• **EXERCISE REQUIREMENTS**
No pictures, no extra lines: copy exactly from the line with "Sala de apartamento" through the end of the entries.

• **RECORDS TO USE**
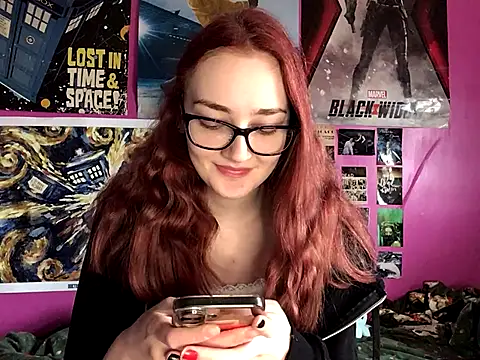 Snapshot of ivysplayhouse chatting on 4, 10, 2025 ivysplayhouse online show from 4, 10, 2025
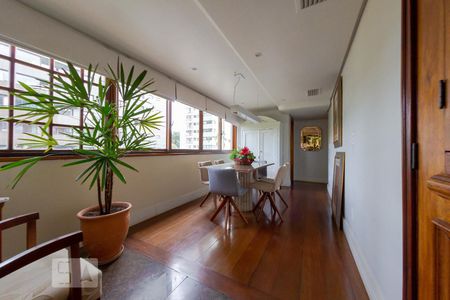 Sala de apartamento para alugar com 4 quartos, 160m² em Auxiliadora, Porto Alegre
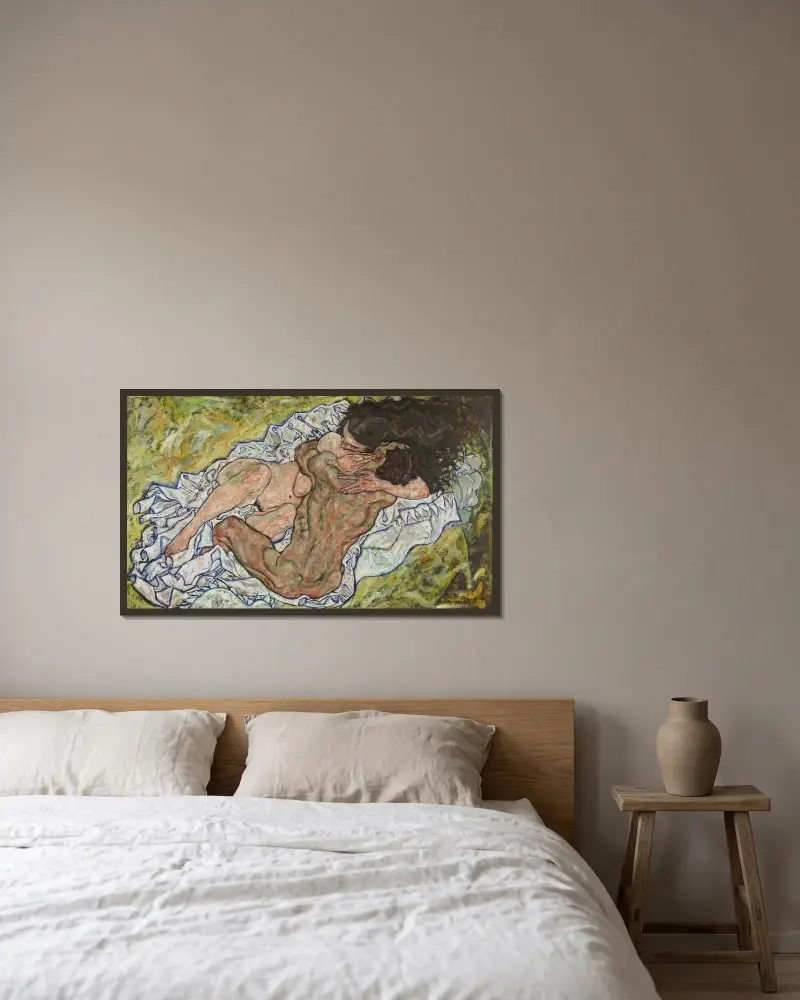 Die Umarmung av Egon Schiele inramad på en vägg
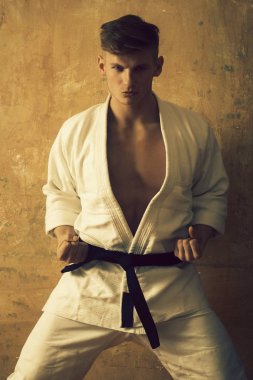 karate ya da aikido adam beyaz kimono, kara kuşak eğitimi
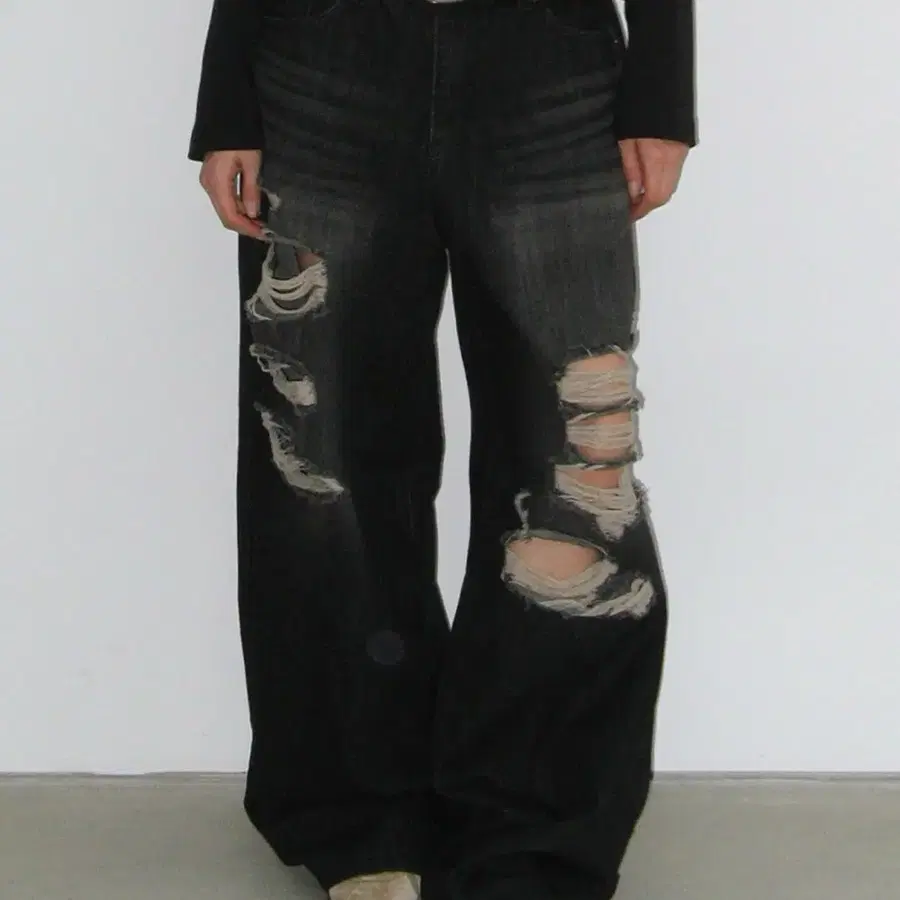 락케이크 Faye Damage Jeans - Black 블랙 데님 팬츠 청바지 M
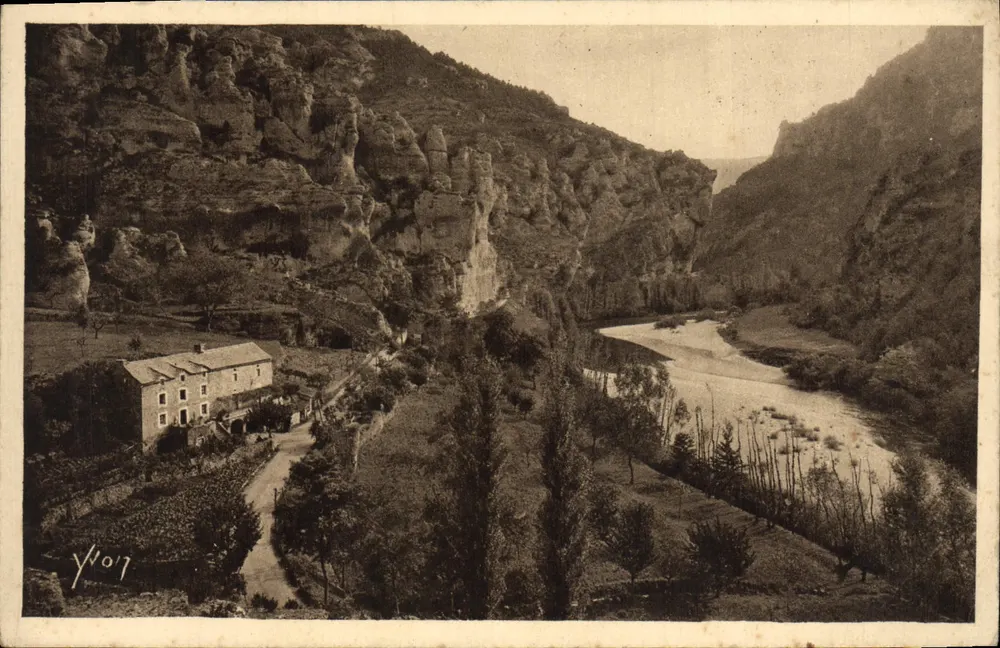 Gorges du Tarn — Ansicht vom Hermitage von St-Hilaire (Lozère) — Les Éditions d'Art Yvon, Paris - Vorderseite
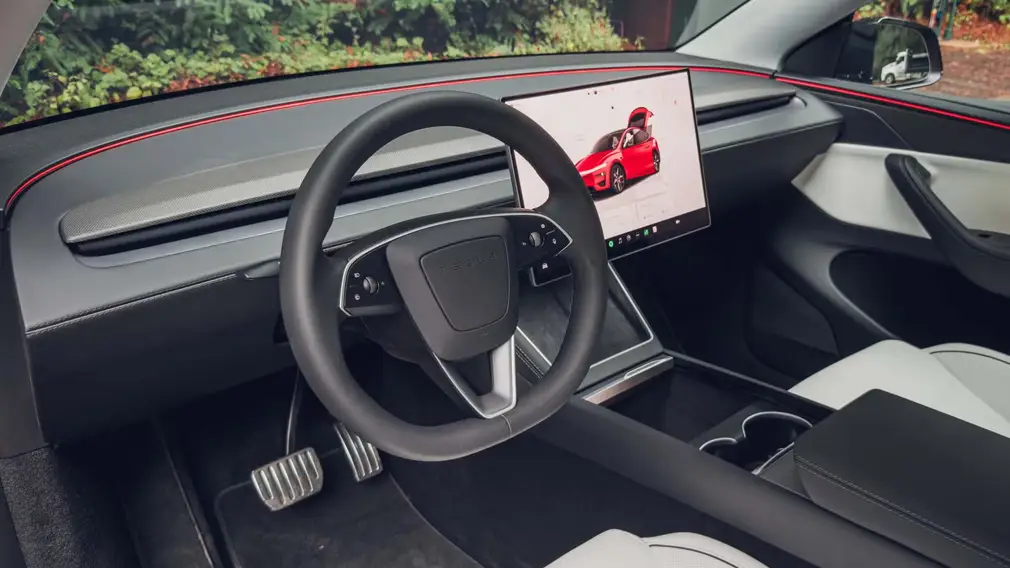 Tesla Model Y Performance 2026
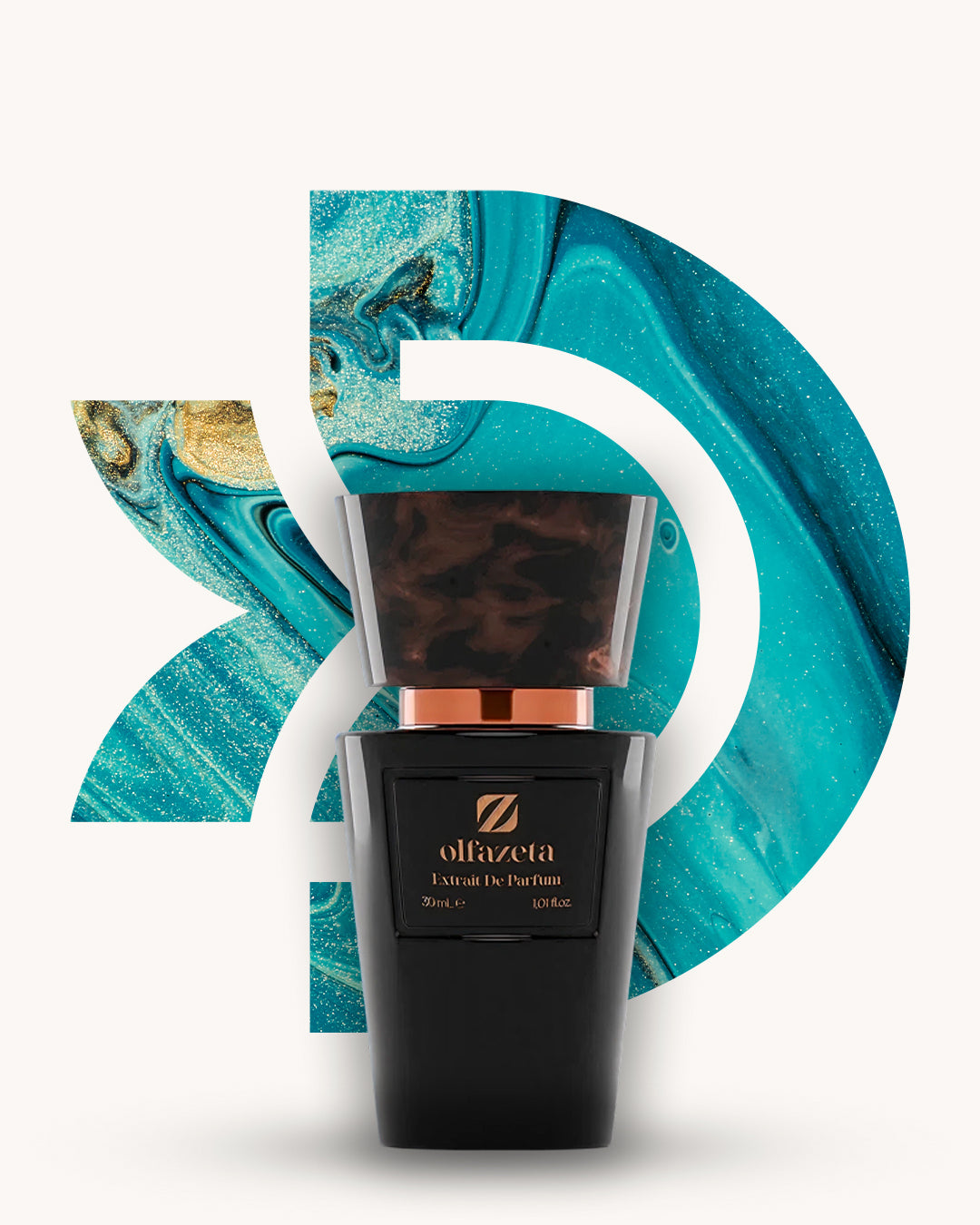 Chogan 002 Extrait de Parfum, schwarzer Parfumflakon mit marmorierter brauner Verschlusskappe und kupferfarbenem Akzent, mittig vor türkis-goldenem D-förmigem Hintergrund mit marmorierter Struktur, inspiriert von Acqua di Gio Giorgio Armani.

• **EXPECTED OUTPUT**
 Sala de apartamento para alugar com 4 quartos, 160m² em Auxiliadora, Porto Alegre
 Die Umarmung av Egon Schiele inramad på en vägg
 karate ya da aikido adam beyaz kimono, kara kuşak eğitimi
 락케이크 Faye Damage Jeans - Black 블랙 데님 팬츠 청바지 M
 Gorges du Tarn — Ansicht vom Hermitage von St-Hilaire (Lozère) — Les Éditions d'Art Yvon, Paris - Vorderseite
 Tesla Model Y Performance 2026
 Chogan 002 Extrait de Parfum, schwarzer Parfumflakon mit marmorierter brauner Verschlusskappe und kupferfarbenem Akzent, mittig vor türkis-goldenem D-förmigem Hintergrund mit marmorierter Struktur, inspiriert von Acqua di Gio Giorgio Armani.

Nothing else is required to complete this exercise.